And to add to this, part of the error handling you don’t like @Troy is Lua, not Corona. While we have an event that can help you trap some runtime errors in real time (see; https://docs.coronalabs.com/api/event/unhandledError/index.html), they are still errors.

Lua works in “chunks”. For instance all of main.lua is a chunk.  The guts of a for loop or function are a chunk. When a runtime error occurs, it aborts the chunk the error happened in and no further code will execute.  This may sound like a desirable outcome, but it’s not. Your code could be so borked from that function not completing properly, it gets into a worse state than crashing. It simply stops responding or corrupts data, all which can be interpreted by the app’s user far worse than a crash would.  Now in Google’s new “let’s rank you on how you perform” model, it probably wouldn’t do much as instead of getting a crash report, you’re going to get an ANR which honestly seems worse than a crash report.

Please note, if you do implement unhandledError events, make sure to read the docs. There are some gotchas about how the messages are reported and you may find it only partially useful.

Masking errors isn’t getting rid of them, it’s just hiding them which frankly as a developer I find more frighting.

Rob

(Updated: This issue RE: runtime error caused by widget.lua has been moved to https://forums.coronalabs.com/topic/72782-runtime-error-caused-by-widgetlua/))

@Rob,

  1. The reason I’m not using the unhandledError events is because I need reports to go to Google, and as you stated above, there are gotchas about how the messages are reported. Fact is, we already know that line 27 of widget.lua is a problem for me and line 1266 in widget_tableview.lua is a problem for SGS above. Are these the only two line number error reports in widget that you’ve seen reported? Or do you have a long list of them collected in the past 2 years?

  2. I understand that some issues are Lua. Are you saying that the Corona Team is using a Lua interpreter and have never had an occassion to modify it when necessary?

If the Corona Team wasn’t busy at the moment, I have to believe these CRASH issues would have the highest of priority. if you agree, than this is not a matter of ‘should’ Corona Team fix it. It’s just a matter of priorities, am I right?

Do you agree that ‘hardening’ 1) Lua, 2) Corona engine; and 3) Corona plugins would be a good idea to preserve the integrity of the engine?

And lastly, I’ve noticed CRASH issues increasing with Android 7 and 8. Do you have any idea why, or are my observations circumstancial?

I’ll let @Rob answer from a Corona perspective but @troy where do you get “do not use unhandled error event” from?

I always use this to send the errors to my DB server.  AFAIK this has no bearing on what you see in Android vitals and ANR/crash logs.

Now saying this, it is responsible coding to check for valid data before trying to perform an action on it - things like “do you have a valid response to a network.request() before trying to process the data”, etc. 

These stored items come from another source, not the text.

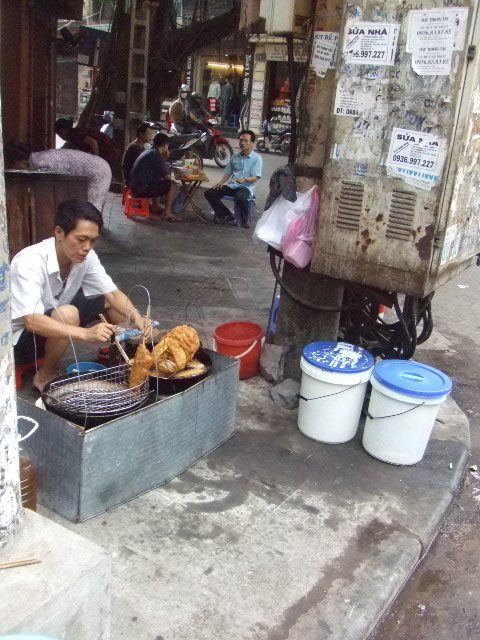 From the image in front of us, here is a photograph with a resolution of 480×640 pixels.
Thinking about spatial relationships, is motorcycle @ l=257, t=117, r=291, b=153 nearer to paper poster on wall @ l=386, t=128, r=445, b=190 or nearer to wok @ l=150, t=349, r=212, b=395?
paper poster on wall @ l=386, t=128, r=445, b=190

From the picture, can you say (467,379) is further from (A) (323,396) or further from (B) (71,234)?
(B) (71,234)

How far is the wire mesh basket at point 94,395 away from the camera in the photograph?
3.19 metres

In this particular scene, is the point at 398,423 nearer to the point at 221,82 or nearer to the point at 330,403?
the point at 330,403

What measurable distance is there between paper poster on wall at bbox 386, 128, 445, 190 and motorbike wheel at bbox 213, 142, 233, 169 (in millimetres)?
13910

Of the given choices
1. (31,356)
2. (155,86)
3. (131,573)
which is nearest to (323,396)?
(131,573)

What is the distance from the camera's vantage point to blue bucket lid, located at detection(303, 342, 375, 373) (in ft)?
12.8

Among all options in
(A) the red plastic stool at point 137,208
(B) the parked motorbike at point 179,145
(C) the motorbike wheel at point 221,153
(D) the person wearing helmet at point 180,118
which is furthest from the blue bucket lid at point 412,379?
(D) the person wearing helmet at point 180,118

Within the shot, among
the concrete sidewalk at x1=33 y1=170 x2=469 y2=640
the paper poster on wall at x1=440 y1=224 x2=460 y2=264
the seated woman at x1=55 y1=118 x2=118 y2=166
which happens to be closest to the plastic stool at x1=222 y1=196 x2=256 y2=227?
the seated woman at x1=55 y1=118 x2=118 y2=166

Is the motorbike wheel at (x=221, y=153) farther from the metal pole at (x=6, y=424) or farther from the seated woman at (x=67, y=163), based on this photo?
the metal pole at (x=6, y=424)

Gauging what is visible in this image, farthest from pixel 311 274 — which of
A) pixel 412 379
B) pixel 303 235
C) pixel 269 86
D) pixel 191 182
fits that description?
pixel 269 86

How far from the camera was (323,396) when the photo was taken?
401cm

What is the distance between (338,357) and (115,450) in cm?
164

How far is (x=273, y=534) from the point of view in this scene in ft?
10.6

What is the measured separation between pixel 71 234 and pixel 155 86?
1049cm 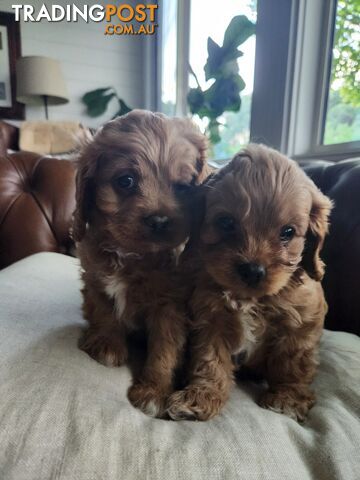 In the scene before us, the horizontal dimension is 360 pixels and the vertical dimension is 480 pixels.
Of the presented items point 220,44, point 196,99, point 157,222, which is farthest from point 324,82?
point 157,222

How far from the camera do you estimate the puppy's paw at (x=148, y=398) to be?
1268 millimetres

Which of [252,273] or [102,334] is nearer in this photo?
[252,273]

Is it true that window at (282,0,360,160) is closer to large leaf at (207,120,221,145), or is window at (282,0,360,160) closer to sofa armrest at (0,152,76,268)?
large leaf at (207,120,221,145)

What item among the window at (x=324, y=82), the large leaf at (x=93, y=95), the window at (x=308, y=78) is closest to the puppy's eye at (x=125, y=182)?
the window at (x=308, y=78)

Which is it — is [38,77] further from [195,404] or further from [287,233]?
[195,404]

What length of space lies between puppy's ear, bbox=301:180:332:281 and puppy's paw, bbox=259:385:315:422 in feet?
1.32

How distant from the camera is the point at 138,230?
139cm

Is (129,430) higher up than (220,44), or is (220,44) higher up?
(220,44)

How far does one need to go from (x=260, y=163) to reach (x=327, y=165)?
101 centimetres

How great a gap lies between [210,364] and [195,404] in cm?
16

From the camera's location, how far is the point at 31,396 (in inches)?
44.3

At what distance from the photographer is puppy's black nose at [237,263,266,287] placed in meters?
1.21

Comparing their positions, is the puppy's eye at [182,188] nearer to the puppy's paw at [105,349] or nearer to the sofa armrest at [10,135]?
the puppy's paw at [105,349]

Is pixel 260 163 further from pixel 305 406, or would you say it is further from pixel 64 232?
pixel 64 232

I also use liberal use of pcalls if I suspect a code snippet is likely to fail.  It is not as slick as a try…catch…finally block which I so wish was available in lua.

Hey Troy. I don’t have a good list of widget bugs that crash and turn into reports you are seeing. So for #1, I don’t have a good answer for you.

And for #2, yes, we’ve made changes to our version of Lua when we’ve needed to address things, but what you’re asking would be a fundamental change in how Lua works. In other words, I seriously doubt we could or would  change how Lua error handle’s chunks since there is an expectation that Lua works that way.

The Corona team is busy at the moment, and it may not seem like but addressing these Android crashes is the highest priority of our engineering team right now. 

There seems to be two core problems:  1. OpenAL audio crashes.  2. Changes to Google Play core services libraries.  

In many cases, people are seeing jumps in ANR’s and Crashes even though they haven’t updated their apps in a long time. Corona can’t magically change your apps once they are on a device. So we have to look at what else may have changed. Many of these crashes as you note are happening on Android 7 and Android 8 which lends it to updates to Google Play. Many plugins touch Google Play’s base libraries. So we have to pretty much rebuild every plugin we are in control over. We have to get third parties to rebuild theirs now that we’ve updated our dependency library to use a more modern version of the Google Play libraries. This simply takes time and testing to make sure we don’t make the problem worse. It’s possible today, depending on what plugins you use, that you could push a new version and start seeing a decline in these reports. Have we gotten them all yet? No, but we are spending a great amount of engineering effort to address them as fast as we can.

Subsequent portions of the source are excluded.